### DIRECTIONS
Only one stretch of the listing below is wanted. Give it again exactly, from the line with "Okay, so now" through the line with "VLC Media Player, from".

___ SUPPLIED ENTRIES ___

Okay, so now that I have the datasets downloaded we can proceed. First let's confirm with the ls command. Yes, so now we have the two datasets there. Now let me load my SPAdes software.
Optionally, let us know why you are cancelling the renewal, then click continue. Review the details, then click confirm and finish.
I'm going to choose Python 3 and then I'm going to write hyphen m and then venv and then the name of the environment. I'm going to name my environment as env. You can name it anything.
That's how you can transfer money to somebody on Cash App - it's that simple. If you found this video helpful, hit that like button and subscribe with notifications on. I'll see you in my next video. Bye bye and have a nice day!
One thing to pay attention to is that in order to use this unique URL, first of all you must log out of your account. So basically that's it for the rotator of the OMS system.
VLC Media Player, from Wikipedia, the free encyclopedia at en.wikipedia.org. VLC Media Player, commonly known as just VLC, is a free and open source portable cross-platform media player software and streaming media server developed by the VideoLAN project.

___
___ SUPPLIED ENTRIES ___

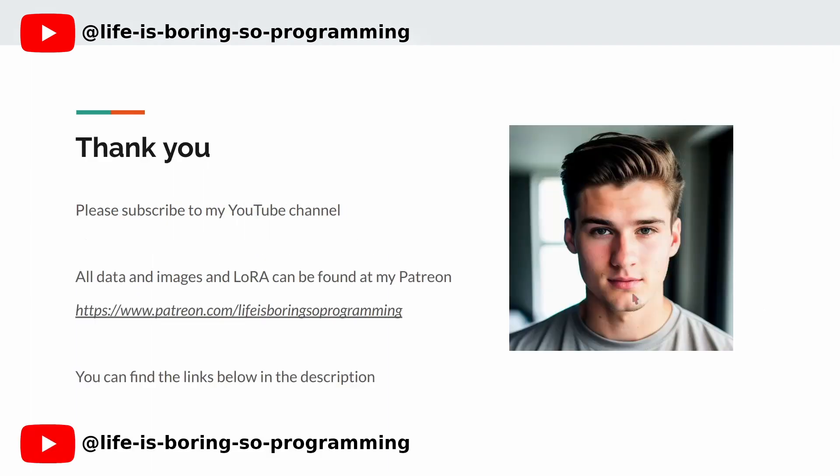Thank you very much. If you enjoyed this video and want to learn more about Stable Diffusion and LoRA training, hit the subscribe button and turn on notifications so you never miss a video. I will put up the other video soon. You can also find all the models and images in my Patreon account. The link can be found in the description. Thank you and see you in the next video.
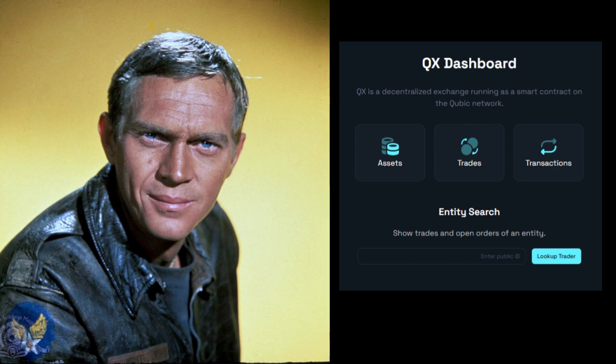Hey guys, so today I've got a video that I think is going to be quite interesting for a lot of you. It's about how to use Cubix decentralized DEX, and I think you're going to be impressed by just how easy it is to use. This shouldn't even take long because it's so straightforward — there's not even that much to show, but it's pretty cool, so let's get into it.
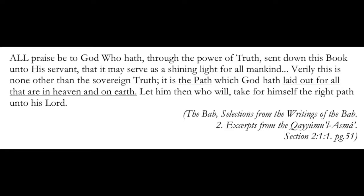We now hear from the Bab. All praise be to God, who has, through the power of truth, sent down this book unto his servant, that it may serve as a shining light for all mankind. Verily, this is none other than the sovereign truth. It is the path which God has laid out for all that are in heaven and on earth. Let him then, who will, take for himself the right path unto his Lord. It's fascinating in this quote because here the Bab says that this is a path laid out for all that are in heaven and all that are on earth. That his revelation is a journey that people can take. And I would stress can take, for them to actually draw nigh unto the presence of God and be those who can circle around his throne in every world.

___

### SOLUTION
Okay, so now that I have the datasets downloaded we can proceed. First let's confirm with the ls command. Yes, so now we have the two datasets there. Now let me load my SPAdes software.
Optionally, let us know why you are cancelling the renewal, then click continue. Review the details, then click confirm and finish.
I'm going to choose Python 3 and then I'm going to write hyphen m and then venv and then the name of the environment. I'm going to name my environment as env. You can name it anything.
That's how you can transfer money to somebody on Cash App - it's that simple. If you found this video helpful, hit that like button and subscribe with notifications on. I'll see you in my next video. Bye bye and have a nice day!
One thing to pay attention to is that in order to use this unique URL, first of all you must log out of your account. So basically that's it for the rotator of the OMS system.
VLC Media Player, from Wikipedia, the free encyclopedia at en.wikipedia.org. VLC Media Player, commonly known as just VLC, is a free and open source portable cross-platform media player software and streaming media server developed by the VideoLAN project.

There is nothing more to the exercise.